[[ DATA open ]]
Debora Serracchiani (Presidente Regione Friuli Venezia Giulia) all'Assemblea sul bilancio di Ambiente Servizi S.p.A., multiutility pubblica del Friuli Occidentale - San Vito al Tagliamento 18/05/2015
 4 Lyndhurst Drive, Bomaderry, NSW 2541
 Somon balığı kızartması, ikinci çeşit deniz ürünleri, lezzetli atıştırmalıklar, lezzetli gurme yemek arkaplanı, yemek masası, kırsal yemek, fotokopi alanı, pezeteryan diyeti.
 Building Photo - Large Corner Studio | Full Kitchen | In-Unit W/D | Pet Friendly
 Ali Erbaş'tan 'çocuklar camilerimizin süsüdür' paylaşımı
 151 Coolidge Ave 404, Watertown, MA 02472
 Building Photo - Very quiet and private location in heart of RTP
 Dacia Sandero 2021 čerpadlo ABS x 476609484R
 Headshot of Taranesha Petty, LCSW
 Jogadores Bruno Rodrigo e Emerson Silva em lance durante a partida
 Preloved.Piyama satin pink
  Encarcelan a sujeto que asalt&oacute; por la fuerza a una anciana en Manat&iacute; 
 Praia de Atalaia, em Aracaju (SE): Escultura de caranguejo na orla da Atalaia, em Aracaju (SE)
[[ DATA closed ]]
ABOUT THIS EXERCISE »
Copy back the listing above exactly, but only from the line with "Building Photo - Large" through the line with "Encarcelan a sujeto", both ends included.

FINAL ANSWER »
 Building Photo - Large Corner Studio | Full Kitchen | In-Unit W/D | Pet Friendly
 Ali Erbaş'tan 'çocuklar camilerimizin süsüdür' paylaşımı
 151 Coolidge Ave 404, Watertown, MA 02472
 Building Photo - Very quiet and private location in heart of RTP
 Dacia Sandero 2021 čerpadlo ABS x 476609484R
 Headshot of Taranesha Petty, LCSW
 Jogadores Bruno Rodrigo e Emerson Silva em lance durante a partida
 Preloved.Piyama satin pink
  Encarcelan a sujeto que asalt&oacute; por la fuerza a una anciana en Manat&iacute; 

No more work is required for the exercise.